The Suffren, the first-in-series of the six nuclear-powered attack submarines (SSNs) in the Barracuda programme, successfully completed the test firing of an MdCN (Missile de Croisière Naval) naval cruise missile from the sea near the DGA missile test centre at Biscarrosse, the French Minister of Defence announced on 20th October.
“For the first time, a French submarine has fired a cruise missile. This success gives our Navy a new strategic capability and places it among the world’s best. This new weapon is a real breakthrough, the result of years of effort and investment, enabled by the 2019-2025 military programming law. I want to congratulate everyone – in the Navy, the DGA, and industry – who made this firing possible. Until now, France’s submarine force could strike submarines and surface ships.
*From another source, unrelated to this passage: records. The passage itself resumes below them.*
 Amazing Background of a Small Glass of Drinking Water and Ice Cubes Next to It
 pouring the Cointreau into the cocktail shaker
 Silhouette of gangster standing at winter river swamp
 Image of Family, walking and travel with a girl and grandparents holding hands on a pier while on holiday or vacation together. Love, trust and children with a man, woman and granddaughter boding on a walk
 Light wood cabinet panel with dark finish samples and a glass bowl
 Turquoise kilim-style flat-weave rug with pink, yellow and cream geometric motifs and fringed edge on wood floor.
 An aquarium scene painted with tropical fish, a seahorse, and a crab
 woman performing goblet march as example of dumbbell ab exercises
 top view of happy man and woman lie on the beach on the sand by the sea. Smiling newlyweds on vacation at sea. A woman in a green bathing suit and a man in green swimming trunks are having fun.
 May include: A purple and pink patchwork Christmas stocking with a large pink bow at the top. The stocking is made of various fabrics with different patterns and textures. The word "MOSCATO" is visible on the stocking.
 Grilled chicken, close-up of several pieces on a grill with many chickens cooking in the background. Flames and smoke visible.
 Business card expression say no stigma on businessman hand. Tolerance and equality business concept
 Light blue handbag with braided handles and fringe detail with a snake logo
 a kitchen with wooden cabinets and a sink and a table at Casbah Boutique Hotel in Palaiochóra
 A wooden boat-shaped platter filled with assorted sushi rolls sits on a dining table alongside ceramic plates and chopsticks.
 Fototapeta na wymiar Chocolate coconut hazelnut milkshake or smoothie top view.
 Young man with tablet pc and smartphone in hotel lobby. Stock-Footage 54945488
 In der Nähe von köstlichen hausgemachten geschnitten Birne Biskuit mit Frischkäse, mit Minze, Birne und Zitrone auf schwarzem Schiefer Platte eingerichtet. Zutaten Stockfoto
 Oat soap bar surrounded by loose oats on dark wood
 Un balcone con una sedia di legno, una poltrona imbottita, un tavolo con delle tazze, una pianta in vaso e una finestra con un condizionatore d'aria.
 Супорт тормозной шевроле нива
Henceforth, it can destroy heavy land infrastructure at long range.” Minister parly said in the statement.
The firing completes the qualification phase of the integration of all Suffren’s weapon systems, carried out as part of its sea trials, conducted by the DGA (France’s Defence Procurement Agency) since last April.
This success marks a key stage in the Suffren’s trials with a view to its final qualification by the DGA. The Suffren will be delivered to the French Navy by the end of 2020, before entering active service in 2021.
This test firing of the MdCN naval cruise missile – following careful preparations by teams from the DGA, the French Navy and the manufacturers MBDA and NAVAL GROUP – is the last milestone in a series of tests designed to verify the correct functioning of the Suffren’s armaments and of its combat system in general.
With a range of several hundred kilometres, the MdCN is tailored for missions against infrastructures of high strategic value. After the Multi-Mission Frigates (FREMM), the Suffren-class SSNs are the first French vessels to be equipped with this conventional deep strike capability. The ability to deploy the MdCN from submarines maintains the constant and undetected threat of a strike from the sea against enemy targets located far inland, and very significantly increases the penetration capacity of French weapons in military theatres of operation.
During its trials in the Mediterranean, the Suffren also successfully completed a test firing of an Exocet SM39 underwater-launched anti-ship missile from the sea near the DGA missile test centre on Île du Levant, as well as several test firings of the F21 heavy torpedo, a next-generation weapon that will ultimately be carried on all French Navy submarines.
The validation of the Suffren’s entire combat system paves the way for the end of sea trials and its overall qualification, which will enable it to be delivered to the French Navy for final verification of its military characteristics and commissioning for active service.